■ Exercise directions
When a line of the records below contains the string "Short", copy that whole line.

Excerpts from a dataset

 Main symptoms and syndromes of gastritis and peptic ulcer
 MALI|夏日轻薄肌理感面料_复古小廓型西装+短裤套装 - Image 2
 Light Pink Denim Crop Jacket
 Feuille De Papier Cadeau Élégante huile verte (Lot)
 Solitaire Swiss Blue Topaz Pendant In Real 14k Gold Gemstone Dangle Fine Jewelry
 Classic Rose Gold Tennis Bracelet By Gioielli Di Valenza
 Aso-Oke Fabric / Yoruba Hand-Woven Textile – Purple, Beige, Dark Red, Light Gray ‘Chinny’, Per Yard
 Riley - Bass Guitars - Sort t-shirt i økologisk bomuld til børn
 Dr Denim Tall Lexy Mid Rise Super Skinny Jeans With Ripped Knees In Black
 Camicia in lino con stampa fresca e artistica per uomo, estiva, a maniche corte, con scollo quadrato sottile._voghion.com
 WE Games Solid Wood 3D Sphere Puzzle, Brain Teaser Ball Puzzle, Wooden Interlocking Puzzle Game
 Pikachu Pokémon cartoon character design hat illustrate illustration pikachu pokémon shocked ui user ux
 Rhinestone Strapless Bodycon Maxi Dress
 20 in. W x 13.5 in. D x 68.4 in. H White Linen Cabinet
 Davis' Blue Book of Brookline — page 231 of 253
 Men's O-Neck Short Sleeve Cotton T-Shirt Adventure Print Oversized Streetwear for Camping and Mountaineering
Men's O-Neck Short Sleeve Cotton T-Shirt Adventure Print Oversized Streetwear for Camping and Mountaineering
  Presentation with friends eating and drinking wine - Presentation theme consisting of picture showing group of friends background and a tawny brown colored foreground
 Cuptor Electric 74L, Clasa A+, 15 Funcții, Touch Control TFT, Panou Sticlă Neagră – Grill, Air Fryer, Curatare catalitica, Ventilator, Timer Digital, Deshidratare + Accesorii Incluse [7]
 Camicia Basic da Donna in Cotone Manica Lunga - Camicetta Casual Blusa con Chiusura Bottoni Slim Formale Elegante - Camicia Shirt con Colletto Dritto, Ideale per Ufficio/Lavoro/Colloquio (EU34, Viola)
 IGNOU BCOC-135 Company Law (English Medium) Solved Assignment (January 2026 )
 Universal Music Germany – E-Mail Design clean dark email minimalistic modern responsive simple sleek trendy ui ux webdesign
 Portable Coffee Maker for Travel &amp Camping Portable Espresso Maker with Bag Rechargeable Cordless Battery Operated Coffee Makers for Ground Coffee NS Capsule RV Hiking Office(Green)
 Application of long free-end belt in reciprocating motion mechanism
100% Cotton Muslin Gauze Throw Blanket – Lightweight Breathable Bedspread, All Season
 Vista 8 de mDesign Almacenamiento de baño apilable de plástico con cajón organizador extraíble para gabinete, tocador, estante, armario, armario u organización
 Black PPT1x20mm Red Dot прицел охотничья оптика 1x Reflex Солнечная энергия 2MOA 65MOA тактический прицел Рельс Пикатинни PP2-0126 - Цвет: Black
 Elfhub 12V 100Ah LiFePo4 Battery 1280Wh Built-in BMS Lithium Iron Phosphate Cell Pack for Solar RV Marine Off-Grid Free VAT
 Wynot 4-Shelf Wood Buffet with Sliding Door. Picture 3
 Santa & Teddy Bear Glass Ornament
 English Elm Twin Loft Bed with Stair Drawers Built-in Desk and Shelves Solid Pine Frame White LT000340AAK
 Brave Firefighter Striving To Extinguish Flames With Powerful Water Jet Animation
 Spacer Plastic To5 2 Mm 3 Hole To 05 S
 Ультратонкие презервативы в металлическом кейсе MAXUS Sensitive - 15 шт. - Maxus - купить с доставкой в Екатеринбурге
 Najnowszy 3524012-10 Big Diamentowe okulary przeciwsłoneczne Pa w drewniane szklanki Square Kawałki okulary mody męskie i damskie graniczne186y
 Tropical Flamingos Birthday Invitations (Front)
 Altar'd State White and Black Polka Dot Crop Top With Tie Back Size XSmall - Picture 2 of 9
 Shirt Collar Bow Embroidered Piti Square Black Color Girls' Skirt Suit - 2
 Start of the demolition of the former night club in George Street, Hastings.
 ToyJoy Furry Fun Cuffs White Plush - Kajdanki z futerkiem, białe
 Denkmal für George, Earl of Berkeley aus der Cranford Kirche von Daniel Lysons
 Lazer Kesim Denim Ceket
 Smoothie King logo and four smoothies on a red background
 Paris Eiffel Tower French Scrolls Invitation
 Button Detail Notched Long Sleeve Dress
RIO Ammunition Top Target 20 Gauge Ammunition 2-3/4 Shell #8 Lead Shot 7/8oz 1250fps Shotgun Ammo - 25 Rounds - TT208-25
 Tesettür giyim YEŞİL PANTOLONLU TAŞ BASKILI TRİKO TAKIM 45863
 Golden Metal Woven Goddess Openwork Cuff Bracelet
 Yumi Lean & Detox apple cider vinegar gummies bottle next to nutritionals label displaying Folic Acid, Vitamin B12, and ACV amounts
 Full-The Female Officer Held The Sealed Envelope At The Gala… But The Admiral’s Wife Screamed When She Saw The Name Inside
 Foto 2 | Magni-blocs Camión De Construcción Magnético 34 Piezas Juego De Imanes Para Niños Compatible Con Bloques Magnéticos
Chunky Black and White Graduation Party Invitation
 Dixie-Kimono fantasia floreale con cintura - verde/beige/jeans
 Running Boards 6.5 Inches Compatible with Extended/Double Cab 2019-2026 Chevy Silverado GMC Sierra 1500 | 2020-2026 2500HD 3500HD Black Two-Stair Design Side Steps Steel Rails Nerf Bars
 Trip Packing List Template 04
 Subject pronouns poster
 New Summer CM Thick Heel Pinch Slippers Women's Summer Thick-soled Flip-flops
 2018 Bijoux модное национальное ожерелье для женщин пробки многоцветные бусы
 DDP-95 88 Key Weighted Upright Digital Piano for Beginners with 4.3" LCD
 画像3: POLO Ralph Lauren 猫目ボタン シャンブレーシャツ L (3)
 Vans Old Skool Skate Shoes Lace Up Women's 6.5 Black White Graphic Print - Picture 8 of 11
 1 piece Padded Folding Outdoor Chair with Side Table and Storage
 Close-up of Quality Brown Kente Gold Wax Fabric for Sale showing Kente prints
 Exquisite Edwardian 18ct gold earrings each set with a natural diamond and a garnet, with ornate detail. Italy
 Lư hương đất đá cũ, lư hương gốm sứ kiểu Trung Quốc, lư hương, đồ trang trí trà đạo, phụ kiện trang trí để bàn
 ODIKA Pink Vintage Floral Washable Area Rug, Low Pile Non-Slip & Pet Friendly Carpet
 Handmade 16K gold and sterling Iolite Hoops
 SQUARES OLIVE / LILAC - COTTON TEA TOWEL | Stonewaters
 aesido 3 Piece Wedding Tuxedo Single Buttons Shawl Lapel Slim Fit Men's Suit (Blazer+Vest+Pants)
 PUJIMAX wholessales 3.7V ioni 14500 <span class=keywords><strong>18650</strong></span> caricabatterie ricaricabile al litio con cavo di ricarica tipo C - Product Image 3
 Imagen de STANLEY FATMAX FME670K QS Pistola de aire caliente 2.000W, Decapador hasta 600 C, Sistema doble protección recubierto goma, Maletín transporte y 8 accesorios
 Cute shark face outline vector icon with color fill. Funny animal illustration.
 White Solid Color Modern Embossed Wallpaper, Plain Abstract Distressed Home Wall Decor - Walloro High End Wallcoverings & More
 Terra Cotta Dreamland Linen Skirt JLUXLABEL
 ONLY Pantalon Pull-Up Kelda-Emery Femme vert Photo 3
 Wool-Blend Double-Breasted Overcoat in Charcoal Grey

■ Response
 Men's O-Neck Short Sleeve Cotton T-Shirt Adventure Print Oversized Streetwear for Camping and Mountaineering
Men's O-Neck Short Sleeve Cotton T-Shirt Adventure Print Oversized Streetwear for Camping and Mountaineering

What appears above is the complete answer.